Four Column ASCII

January 31, 2017

I found this gem on Hacker News the other day. User soneil posted to a four column version of the ASCII table that blew my mind. I just wanted to repost this here so it is easier to discover.

Here's an excerpt from the comment:

I always thought it was a shame the ascii table is rarely shown in columns (or rows) of 32, as it makes a lot of this quite obvious. eg, It becomes immediately obvious why, eg, ^[ becomes escape. Or that the alphabet is just 40h + the ordinal position of the letter (or 60h for lower-case). Or that we shift between upper & lower-case with a single bit.

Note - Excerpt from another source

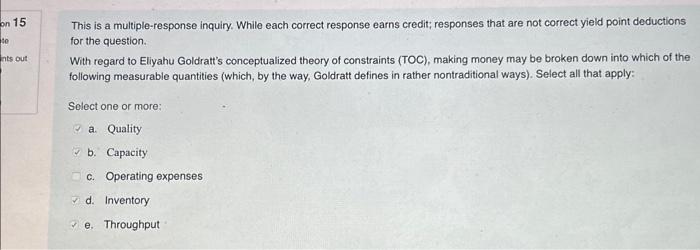  This is a multiple-response inquiry. While each correct response earns credit;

You know in ASCII there are 32 characters at the beginning of the table that don't represent a written symbol. Backspace, newline, escape - that sort of thing. These are called control characters.

In the terminal you can type these control characters by holding the CTRL (control characters, get it?) key in combination with another key. For example, as many experienced vim users know pressing CTRL+[ in the terminal (which is ^[ in caret notation) is the same as pressing the ESC key. But why is the escape key triggered by the [ character? Why not another character? This is the insight soneil shares with us.

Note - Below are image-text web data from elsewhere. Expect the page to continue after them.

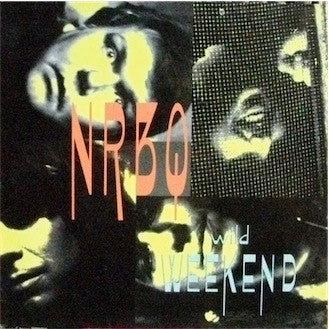 NRBQ - WILD WEEKEND (EURO PRESS) - LP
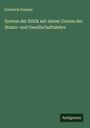 Friedrich Paulsen: System der Ethik mit einem Umriss der Staats- und Gesellschaftslehre, Buch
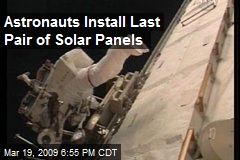 Astronauts Install Last Pair of Solar Panels
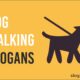 dog walking slogans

Remember that ASCII is a 7 bit encoding. Let's say the following:

  • The first two bits denote the group of the character (22 so 4 possible values)
  • The remaining five bits describe a character (25 so 32 possible values)

In the linked table, which I reproduce below, the four groups are represented by the columns and the rows represent the values.

00 01 10 11
NUL Spc @ ` 00000
SOH ! A a 00001
STX " B b 00010
ETX # C c 00011
EOT $ D d 00100
ENQ % E e 00101
ACK & F f 00110
BEL ' G g 00111
BS ( H h 01000
TAB ) I i 01001
LF * J j 01010
VT + K k 01011
FF , L l 01100
CR - M m 01101
SO . N n 01110
SI / O o 01111
DLE 0 P p 10000
DC1 1 Q q 10001
DC2 2 R r 10010
DC3 3 S s 10011
DC4 4 T t 10100
NAK 5 U u 10101
SYN 6 V v 10110
ETB 7 W w 10111
CAN 8 X x 11000
EM 9 Y y 11001
SUB : Z z 11010
ESC ; [ { 11011
FS < \ | 11100
GS = ] } 11101
RS > ^ ~ 11110
US ? _ DEL 11111

Now in this table, look for ESC. It's in the first group, fifth from the bottom. It's in the first column so its group has bits '00', the row has bits '11011'. Now look on the same line, what else is there? Yep, the '[' character is there, be it in a different column:

  • 10 11011 means [
  • 00 11011 means ESC

So when we you type CTRL+[ for ESC, you're asking for the equivalent of the character 11011 ([) out of the control set. Pressing CTRL simply sets all bits but the last 5 to zero in the character that you typed. You can imagine it as a bitwise AND.

  10 11011 ([)
& 00 11111 (CTRL)
= 00 11011 (ESC)

This is why ^J types a newline, ^H types a backspace and ^I types a tab. This is why if you cat -A a Windows text file, it has ^M printed all over (meaning CR, because newlines are CR+LF on Windows).